• ABOUT THIS EXERCISE
Go to the line holding "Citrino Oro brillante" in the entries below and write out exactly every line down to and including the line holding "Timothée Chalamet's Shirtless".

• RECORDS SHOWN
Content starts

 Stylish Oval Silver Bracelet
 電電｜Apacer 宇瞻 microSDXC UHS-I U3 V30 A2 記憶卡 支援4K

Content ends
Content starts

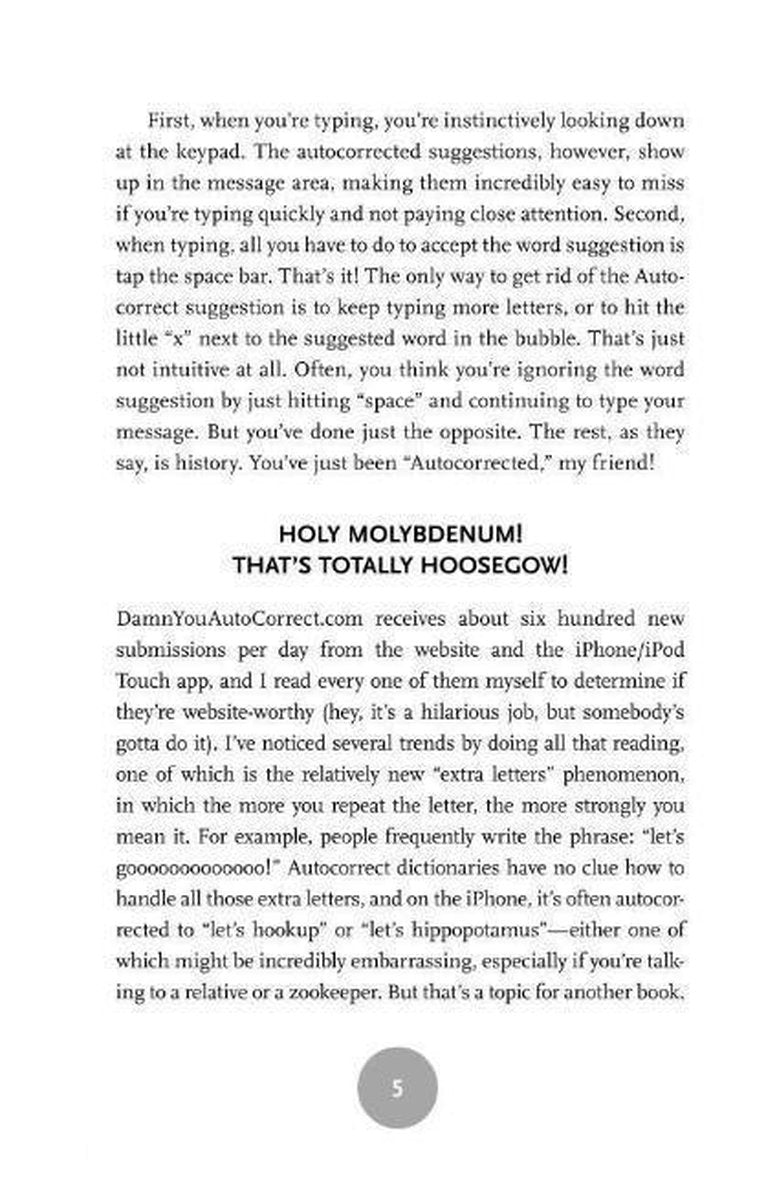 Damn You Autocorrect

Content ends
Content starts

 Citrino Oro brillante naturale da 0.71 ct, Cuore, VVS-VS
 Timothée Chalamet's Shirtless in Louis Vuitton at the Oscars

Content ends

• YOUR SOLUTION
 Citrino Oro brillante naturale da 0.71 ct, Cuore, VVS-VS
 Timothée Chalamet's Shirtless in Louis Vuitton at the Oscars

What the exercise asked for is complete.